8: 外ギン Aviation (Foreign Banks Aviation)
This track adds onto Flower Shoppe's list of songs that use Dancing fantasy's "Worldwide." The sample here is Carioca Groove. The track feels like the title implies. It feels like you're relaxing at a swanky tropical airport, early for your flight, spending your time lounging around and taking in the fresh air and upscale scenery. Out of all the tracks here, this one sounds the most entirely positive. By that I mean consonant, most of, if not all, the other tracks on Floral Shoppe utilize a lot of crunchy, or dissonant, harmonies that create a constant surreal atmosphere, but "外ギン Aviation" is sticking itself firmly in a serene actuality.

9: て (Te)
No matter where you may look, it seems like it might be impossible to find a proper source sample(s?) for this song. It seems every noise in this is original, or it's such a deep mix of multiple samples that you can't identify an original. At face value, the feeling that falls out of this song is like the game save screen of an old JRPG, which is fitting considering the Vaporwave mold of old technology and media. The track cracks at peak high notes with the fuzz of an older SD television and creates an atmospheric that seems fitting to the realm of witches and wizards or Final Fantasy.

10: 月 (Moon)
This track makes fantastic use of the song "I Only Have Eyes for You" from Zapp's 1988 album The New Zapp IVU. It's simultaneously disorienting and a banger. The main thing this track does is slow down the main sample, but doing that really transforms it. It's an otherworldly ambient atmosphere that is really easy to get your body into thanks to the thudding repetitious bass and long vocal notes being stretched out for so long due to the slow down. This is one of the top tracks on the album. It's dizzying and almost on the verge of danceable at the same time. 

11: 海底 (Seabed)
This song breaks the established mold of this album and the general definition of Vaporwave to some extent by featuring a very contemporary sample of Jamie Foxx's "Sleeping Pill" from the album Best Night of My Life (2010). Imagine the previous track, but more poppy.  It's the same general approach, but the pleasant atmosphere is promoted to something mainly in the dissonant space that causes the track to sit mostly in the "uncomfortable" ambient range. And in a very Vaporwave move, this track just sort of ends at 2:18. 

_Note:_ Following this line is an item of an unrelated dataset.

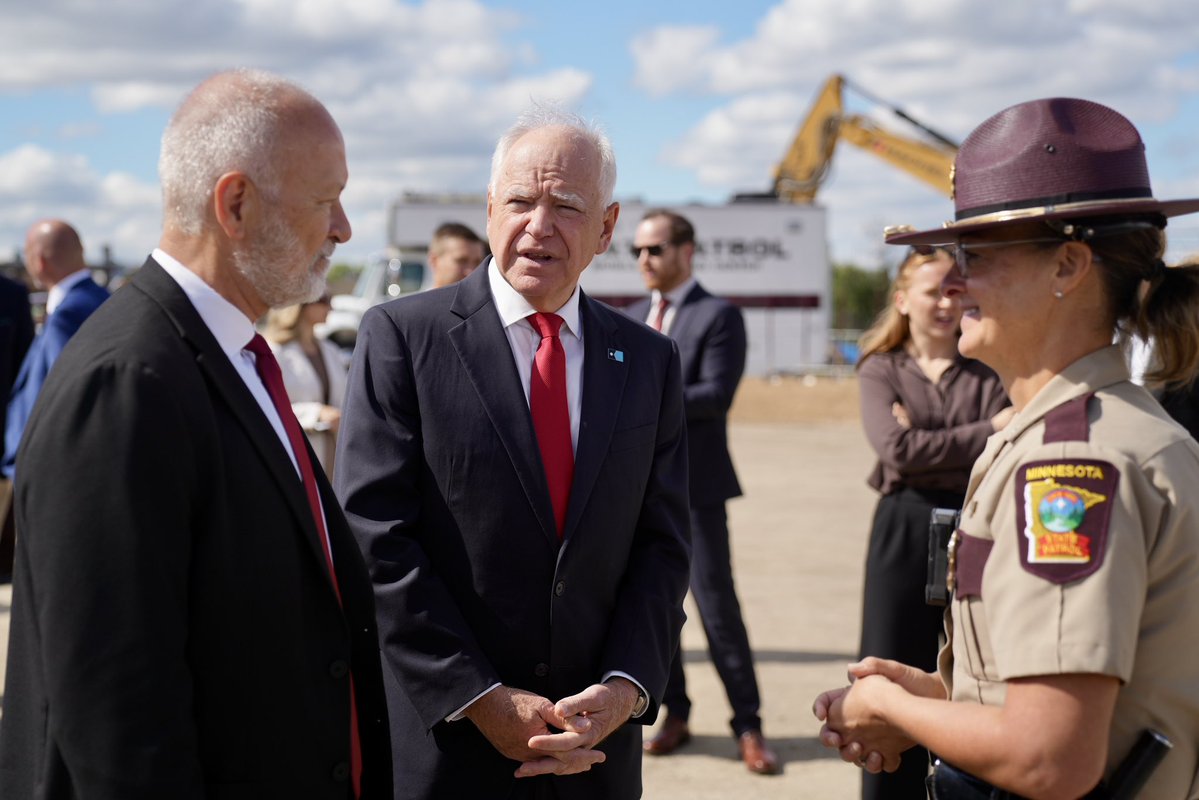 GovTimWalz's tweet photo. Today we broke ground on a new State Patrol Headquarters - our latest investment in the men and women who raise their hands to protect and serve. https://t.co/jU9FjtTW7s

What we can take away from this album is that it's an incredibly unique ambient piece that can satisfy somebody looking for something on the experimental side. There are known qualms in regards to the creativity, or lack there of, related to Floral Shoppe and whether or not Macintosh Plus is really producing new work here because they pull so heavily from each sample. I think those comments are pretty quickly dismissed once you see how Macintosh Plus is so transformative with every sample used. Floral Shoppe takes something familiar and turns into something that is simultaneously still familiar and absolutely different at the same time.